● **DATA IN THIS EXERCISE**
* * * * * * * * *

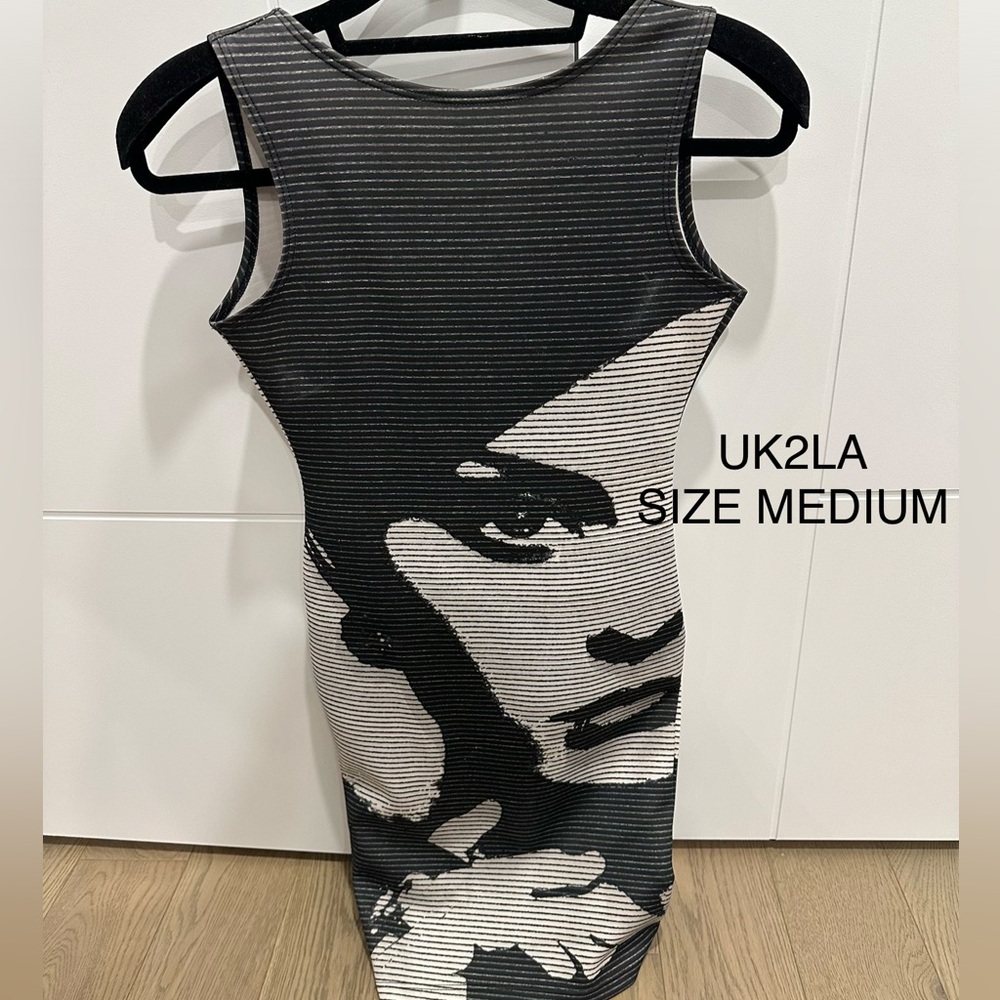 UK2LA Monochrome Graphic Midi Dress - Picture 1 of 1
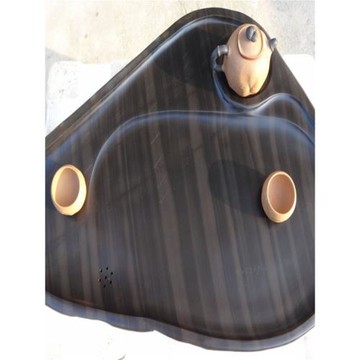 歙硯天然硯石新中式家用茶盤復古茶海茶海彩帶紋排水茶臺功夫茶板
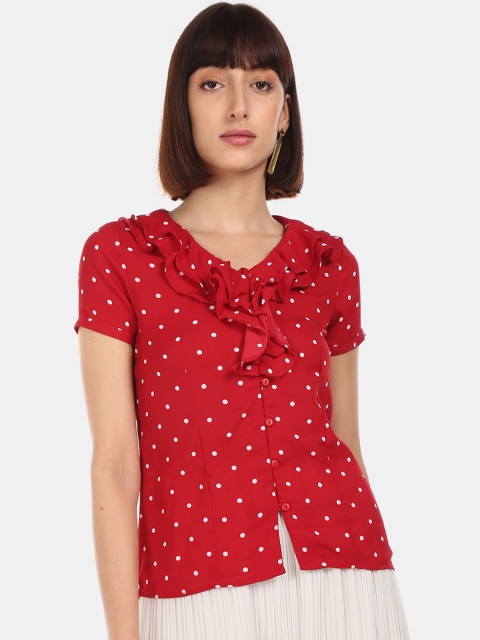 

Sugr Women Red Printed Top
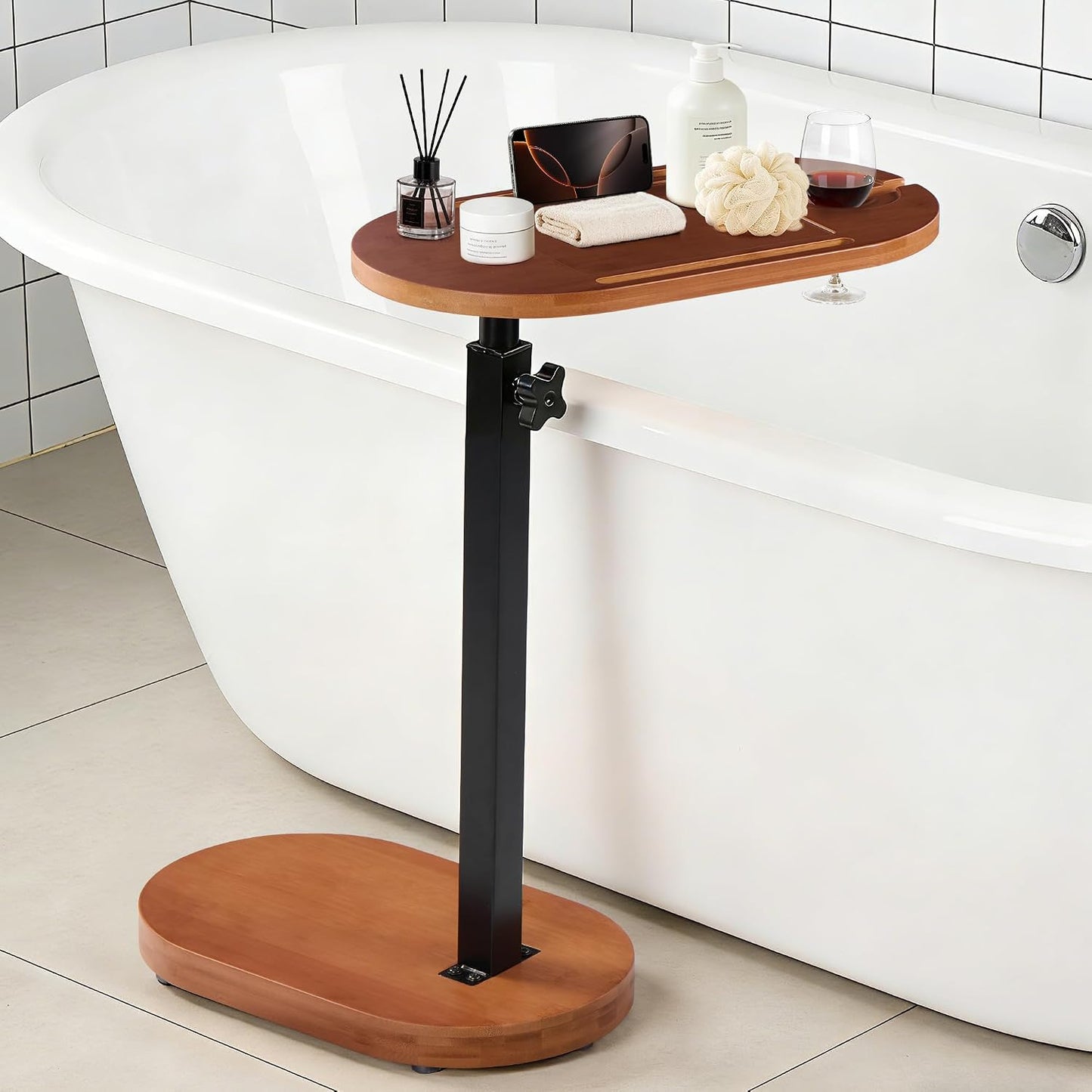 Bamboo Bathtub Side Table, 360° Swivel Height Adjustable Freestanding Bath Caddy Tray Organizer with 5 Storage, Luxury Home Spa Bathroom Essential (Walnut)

* * * * * * * * *

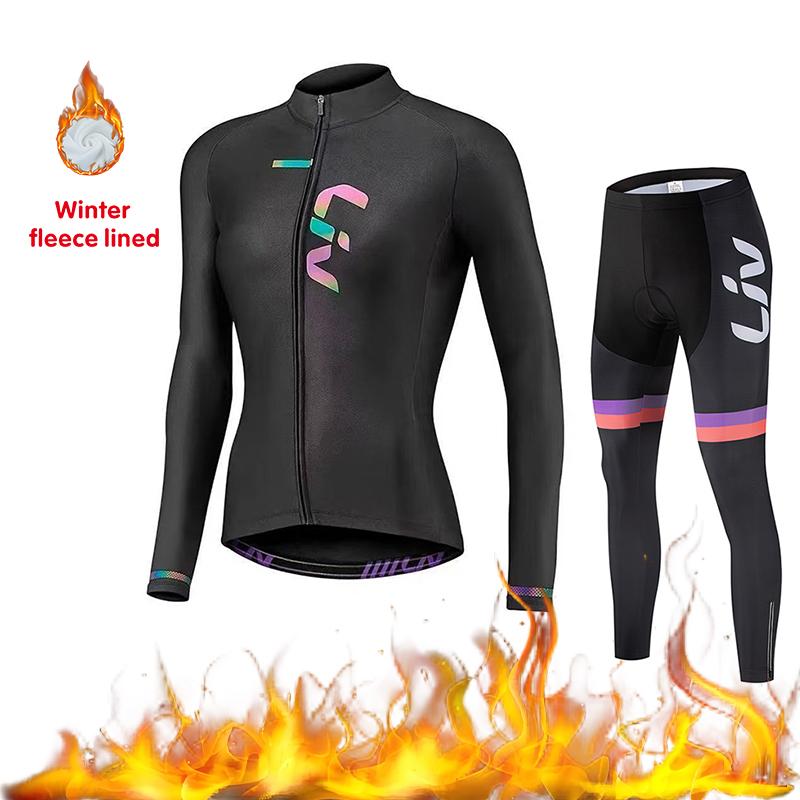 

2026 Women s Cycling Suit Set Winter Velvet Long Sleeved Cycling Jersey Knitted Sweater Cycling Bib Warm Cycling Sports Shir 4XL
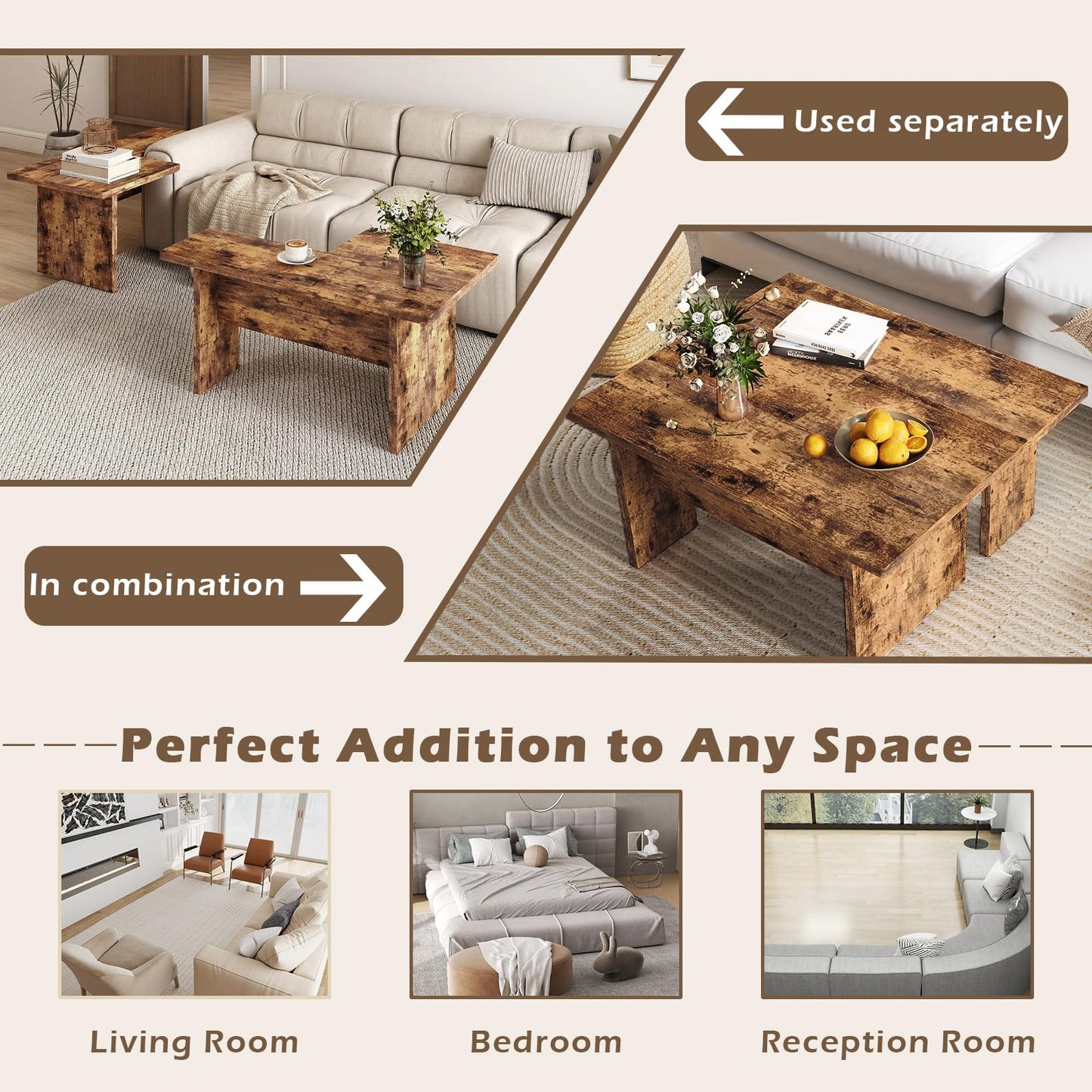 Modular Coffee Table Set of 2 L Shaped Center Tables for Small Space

* * * * * * * * *

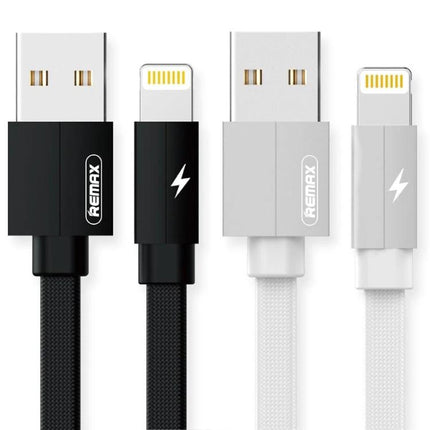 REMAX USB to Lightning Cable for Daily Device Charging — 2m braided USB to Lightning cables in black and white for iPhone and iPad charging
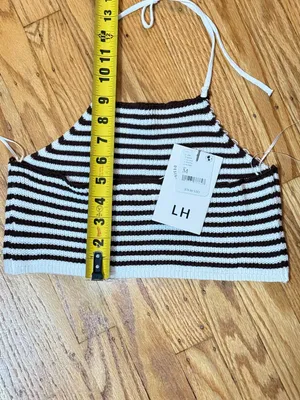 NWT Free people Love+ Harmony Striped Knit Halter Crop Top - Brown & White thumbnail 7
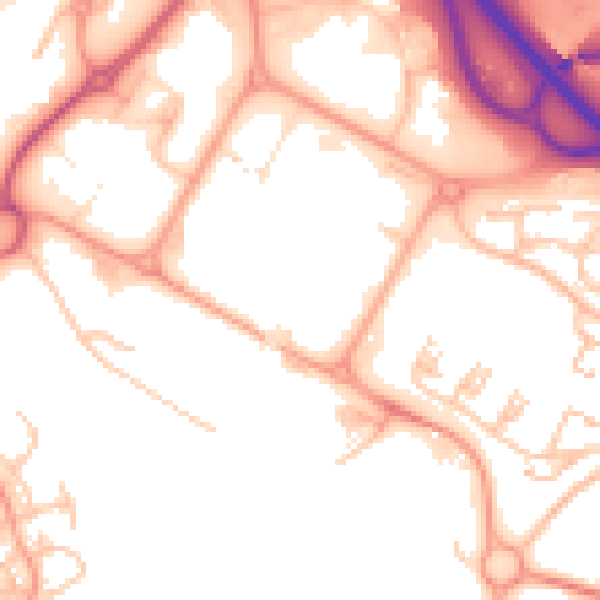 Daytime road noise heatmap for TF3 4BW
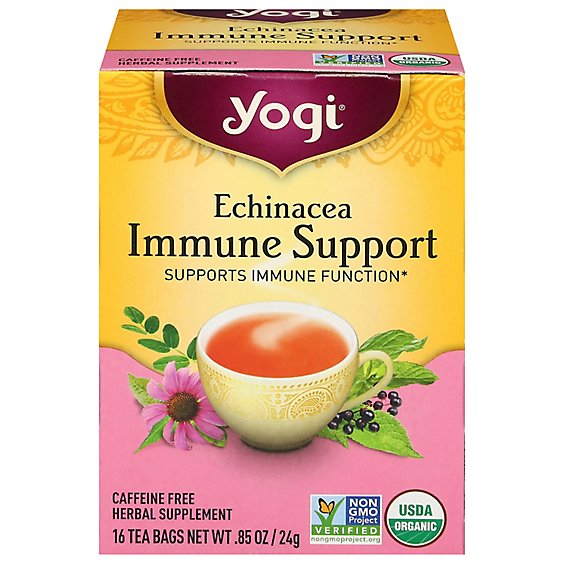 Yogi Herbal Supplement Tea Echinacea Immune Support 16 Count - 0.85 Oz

* * * * * * * * *

● **EXERCISE**
From the entries above, copy exactly the lines starting at the one with "Daytime road noise heatmap for TF3 4BW" and stopping at the one with "Yogi Herbal Supplement", keeping both ends. Drop the pictures.

● **ANSWER SECTION**
 Daytime road noise heatmap for TF3 4BW
 Yogi Herbal Supplement Tea Echinacea Immune Support 16 Count - 0.85 Oz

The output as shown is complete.